[Extracted records]
- - - - -

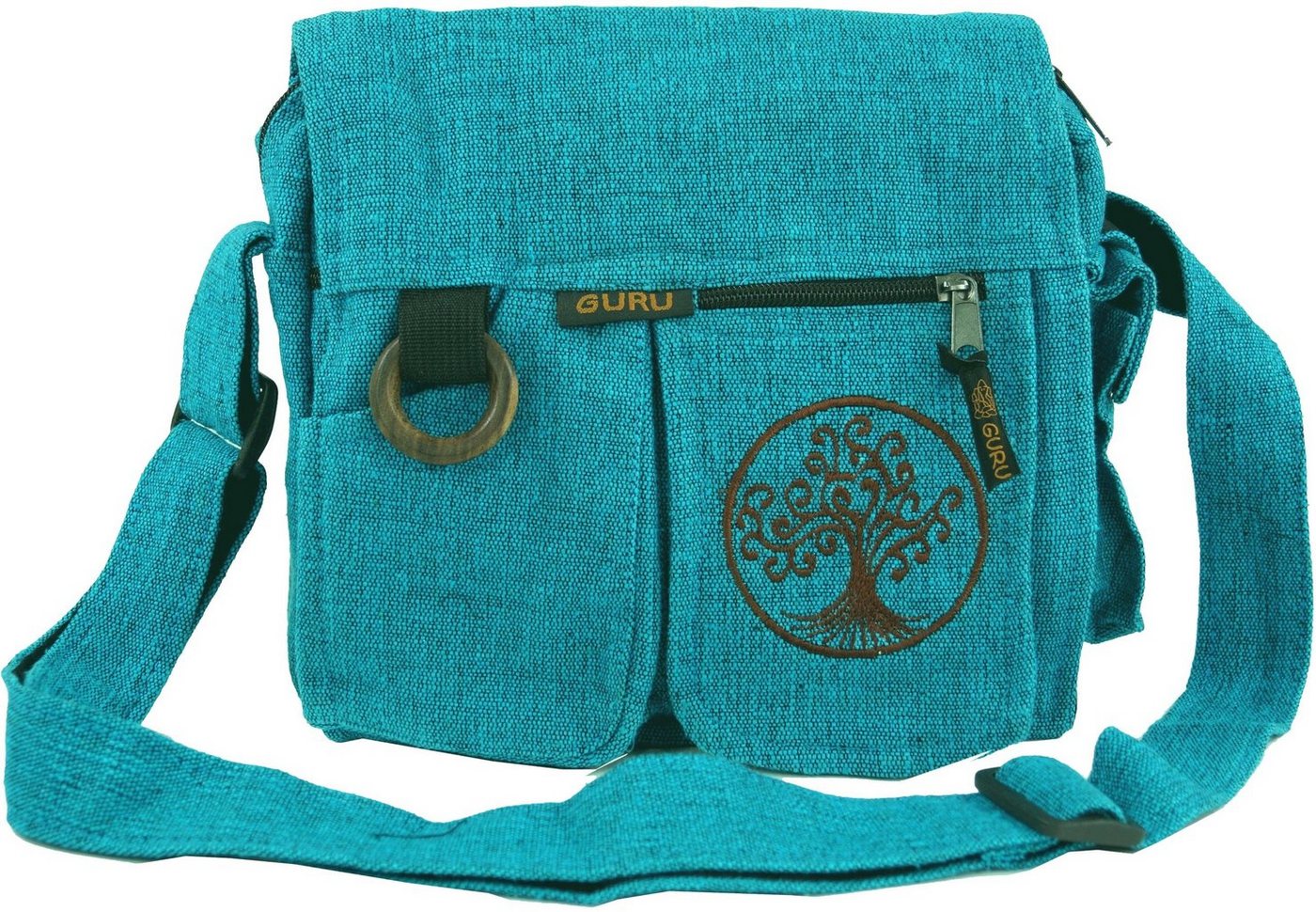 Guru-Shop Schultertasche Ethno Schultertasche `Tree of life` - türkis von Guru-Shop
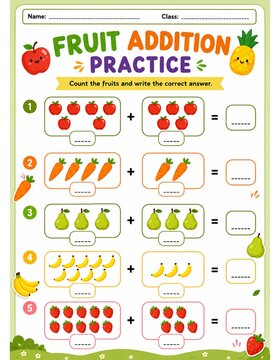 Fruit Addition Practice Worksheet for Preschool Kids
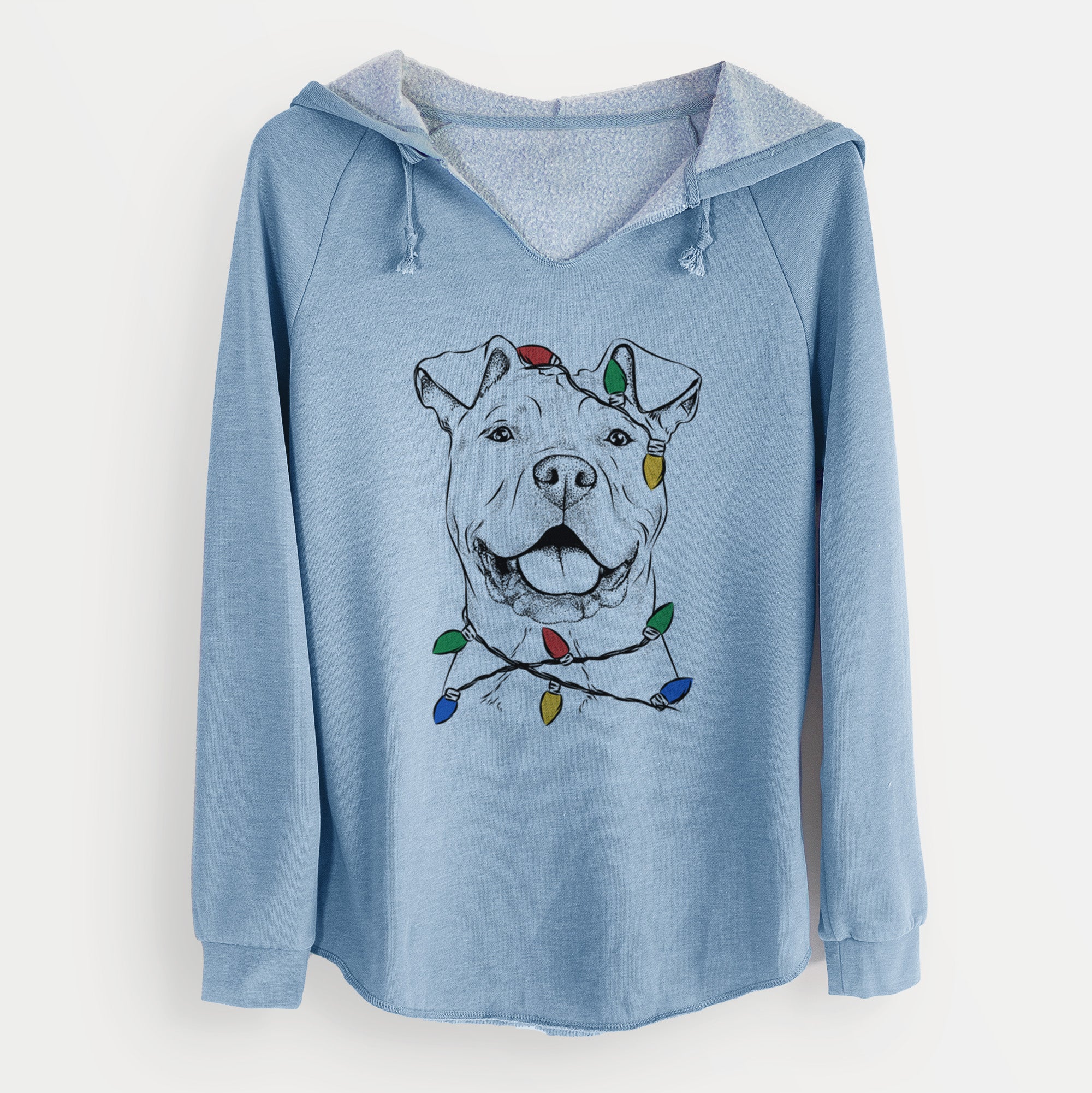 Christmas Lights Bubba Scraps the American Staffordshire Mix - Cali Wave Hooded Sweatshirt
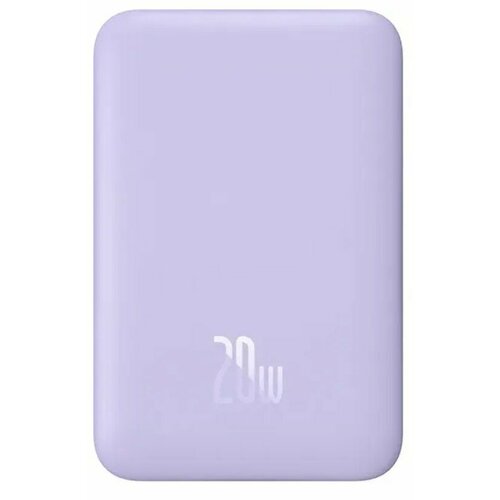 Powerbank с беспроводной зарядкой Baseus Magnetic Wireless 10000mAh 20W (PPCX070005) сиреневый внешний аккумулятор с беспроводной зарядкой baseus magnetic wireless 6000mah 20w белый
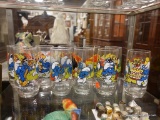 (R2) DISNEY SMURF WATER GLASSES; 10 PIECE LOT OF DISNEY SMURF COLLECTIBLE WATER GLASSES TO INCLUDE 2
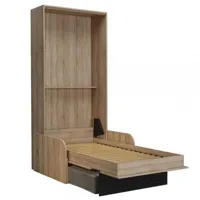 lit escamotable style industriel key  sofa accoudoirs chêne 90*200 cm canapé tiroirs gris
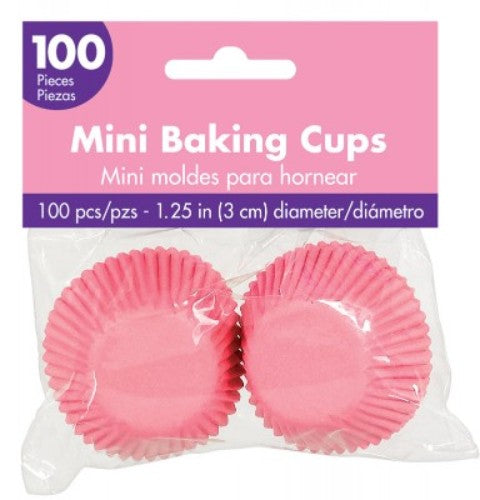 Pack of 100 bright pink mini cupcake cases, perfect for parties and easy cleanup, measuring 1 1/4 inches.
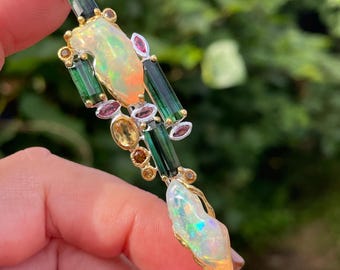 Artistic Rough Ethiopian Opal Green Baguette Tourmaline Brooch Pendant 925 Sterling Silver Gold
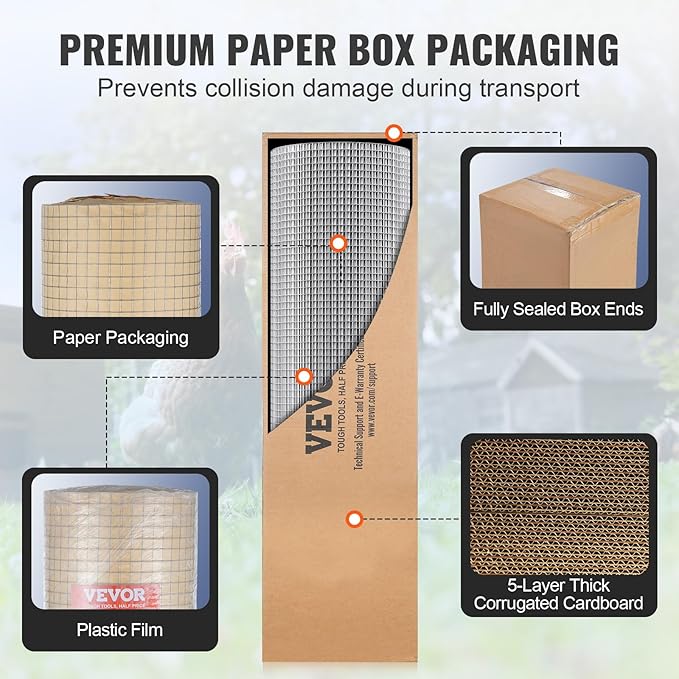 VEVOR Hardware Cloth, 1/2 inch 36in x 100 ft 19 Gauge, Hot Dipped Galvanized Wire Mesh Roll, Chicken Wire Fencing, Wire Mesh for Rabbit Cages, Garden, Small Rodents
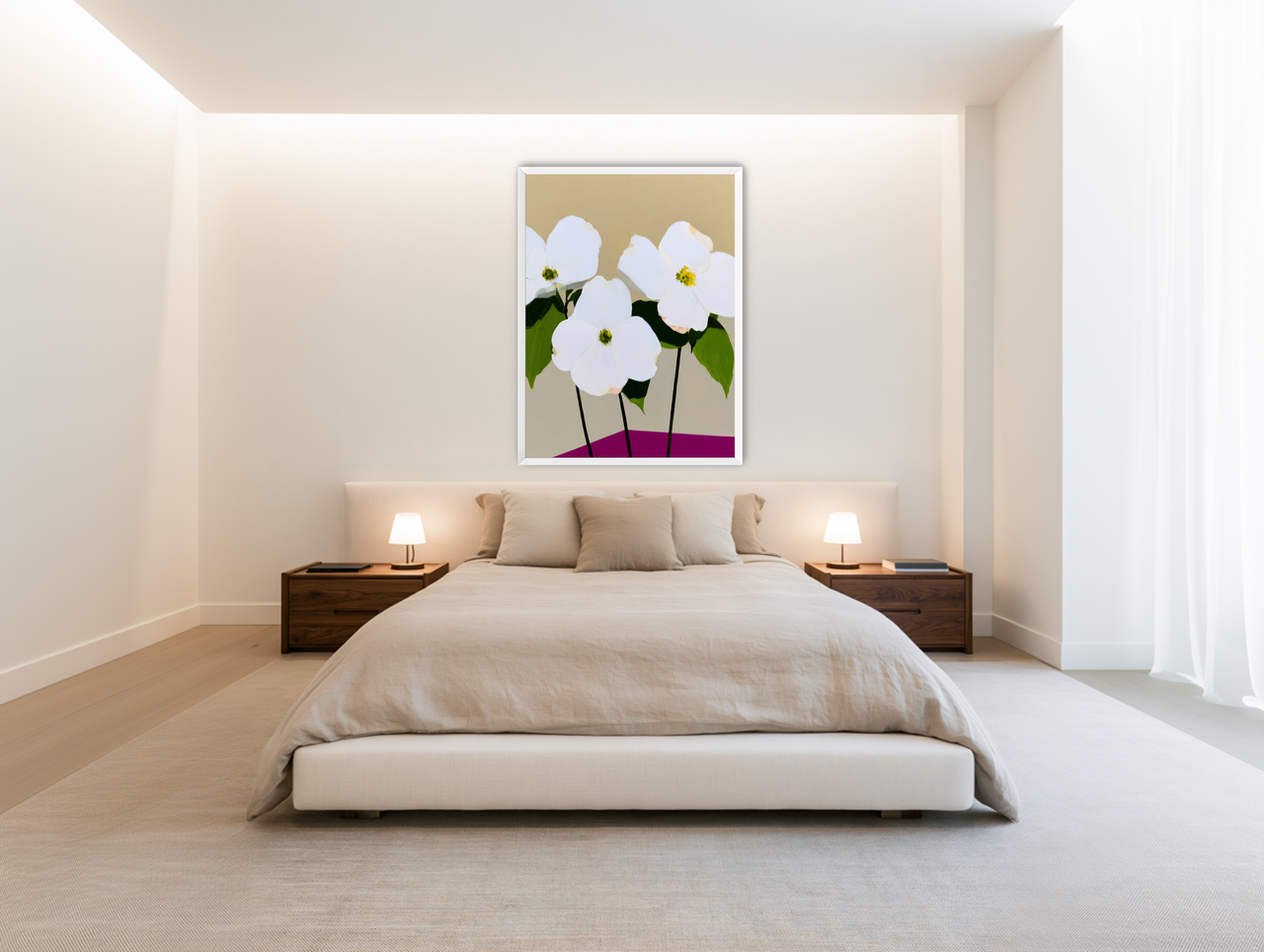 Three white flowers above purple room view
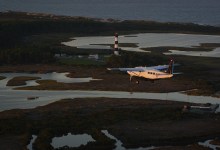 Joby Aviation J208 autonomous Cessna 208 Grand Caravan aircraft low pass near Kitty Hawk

- - - - -

» YOUR INSTRUCTIONS
Repeat, with no pictures, each line from the beginning of the data through the line containing "Three white flowers above purple room view", inclusive.

» SOLUTION TO THIS TASK
 Guru-Shop Schultertasche Ethno Schultertasche `Tree of life` - türkis von Guru-Shop
 Fruit Addition Practice Worksheet for Preschool Kids
 Christmas Lights Bubba Scraps the American Staffordshire Mix - Cali Wave Hooded Sweatshirt
 Powerbank с беспроводной зарядкой Baseus Magnetic Wireless 10000mAh 20W (PPCX070005) сиреневый внешний аккумулятор с беспроводной зарядкой baseus magnetic wireless 6000mah 20w белый
 (R2) DISNEY SMURF WATER GLASSES; 10 PIECE LOT OF DISNEY SMURF COLLECTIBLE WATER GLASSES TO INCLUDE 2
 lit escamotable style industriel key  sofa accoudoirs chêne 90*200 cm canapé tiroirs gris
 Pack of 100 bright pink mini cupcake cases, perfect for parties and easy cleanup, measuring 1 1/4 inches.
 Artistic Rough Ethiopian Opal Green Baguette Tourmaline Brooch Pendant 925 Sterling Silver Gold
 VEVOR Hardware Cloth, 1/2 inch 36in x 100 ft 19 Gauge, Hot Dipped Galvanized Wire Mesh Roll, Chicken Wire Fencing, Wire Mesh for Rabbit Cages, Garden, Small Rodents
 Three white flowers above purple room view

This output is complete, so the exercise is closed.